AIC_m4 <- 2*k - 2*log_likelihood_approx_m4
BIC_m4 <- log(n_m4)*k - 2*log_likelihood_approx_m4

cat("Adjusted R-squared for M1:", summary(model_M1)$adj.r.squared, "\n")
## Adjusted R-squared for M1: 0.9844282
cat("AIC for M1:", AIC(model_M1), "\n")
## AIC for M1: -100.6372
cat("BIC for M1:", BIC(model_M1), "\n\n")
## BIC for M1: -86.34505
cat("Adjusted R-squared for M2:", summary(model_M2)$adj.r.squared, "\n")
## Adjusted R-squared for M2: 0.981142
cat("AIC for M2:", AIC(model_M2), "\n")
## AIC for M2: -86.25928
cat("BIC for M2:", BIC(model_M2), "\n\n")
## BIC for M2: -74.34914
cat("AIC for M3 (Additive Holt-Winters):", AIC_m3, "\n")
## AIC for M3 (Additive Holt-Winters): -144.6597
cat("BIC for M3 (Additive Holt-Winters):", BIC_m3, "\n\n")
## BIC for M3 (Additive Holt-Winters): -130.6753
cat("AIC for M4 (Multiplicative Holt-Winters):", AIC_m4, "\n")
## AIC for M4 (Multiplicative Holt-Winters): -144.6597
cat("BIC for M4 (Multiplicative Holt-Winters):", BIC_m4, "\n\n")
## BIC for M4 (Multiplicative Holt-Winters): -130.6753
cat("MAPE for M1:", mape_M1, "\n")
## MAPE for M1: 16.14556
cat("MAPE for M2:", mape_M2, "\n")
## MAPE for M2: 19.25979
cat("MAPE for M3:", mape_M3, "\n")
## MAPE for M3: 2.486006
cat("MAPE for M4:", mape_M4, "\n\n")
## MAPE for M4: 2.358198
# RMSE Calculation for M1
rmse_M1 <- sqrt(mean((actuals_log_transformed - exp(forecasts_M1))^2))

# RMSE Calculation for M2
rmse_M2 <- sqrt(mean((actuals_log_transformed - exp(forecasts_M2))^2))

# RMSE Calculation for M3
rmse_M3 <- sqrt(mean((actuals_log_transformed - exp(forecasts_M3$mean))^2))

# RMSE Calculation for M4
rmse_M4 <- sqrt(mean((actuals_original - forecasts_M4$mean)^2))

# Print RMSE Results
cat("RMSE for M1:", rmse_M1, "\n")
## RMSE for M1: 2.425337
cat("RMSE for M2:", rmse_M2, "\n")
## RMSE for M2: 2.834807
cat("RMSE for M3:", rmse_M3, "\n")
## RMSE for M3: 0.4355595
cat("RMSE for M4:", rmse_M4, "\n")
## RMSE for M4: 0.3595534
# M1: ACF Plot for Linear Regression with Quarters
residuals_M1 <- residuals(model_M1)
Acf(residuals_M1, main="ACF of Residuals for M1")
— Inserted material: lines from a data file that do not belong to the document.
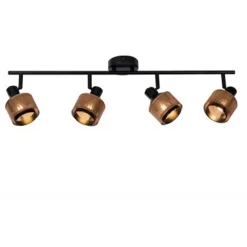 Lucide RAFA - Plafondspot - 4xE14 - Zwart Discount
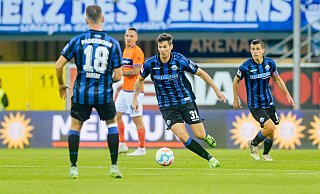 Maximilian Rohr könnte beim SCP die Nachfolge von Ron Schallenberg (r.) antreten. Sonntag geht es gegen seinen ehemaligen Teamkollegen Dennis Srbeny (l.). - Besim Mazhiqi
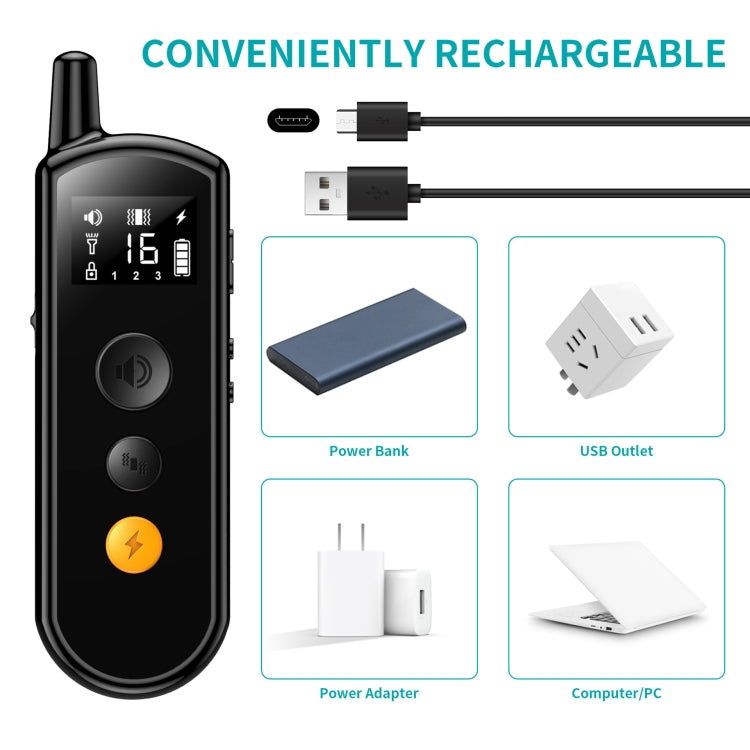 Remote Dog Trainer Rechargeable Waterproof Pet Electric Shock Collar, Receiver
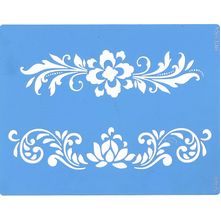 Stencil Arte Fácil 18 x 23 cm - ST-876 Arabesco Flores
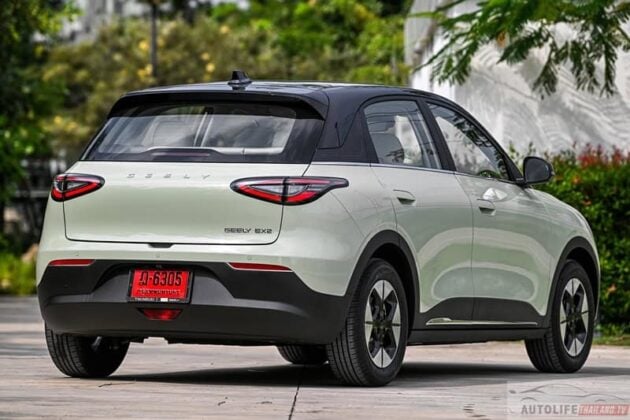 泰国公布吉利 Geely EX2 正式售价, Proton eMAS 5 的原生车款在泰国最高只需5.5万令吉, 续航里程最长395公里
# M2: ACF Plot for Linear Regression with Trigonometric Seasonality
residuals_M2 <- residuals(model_M2)
Acf(residuals_M2, main="ACF of Residuals for M2")

# M3: ACF Plot for Additive Holt-Winters
Acf(residuals(hw_additive), main="ACF of Residuals for M3")

# M4: ACF Plot for Multiplicative Holt-Winters
Acf(residuals(hw_multiplicative), main="ACF of Residuals for M4")

On the basis of rmse, MAPE as it is lower for M4. We can choose that model Order if fit: M4 > M3 > M1 > M2

Model M3 on the basis of ACF seems to be having no significant autocorrelation at any lags.

AIC BIC is not a good metric for this task.

M4 is the model for predictive accuracy.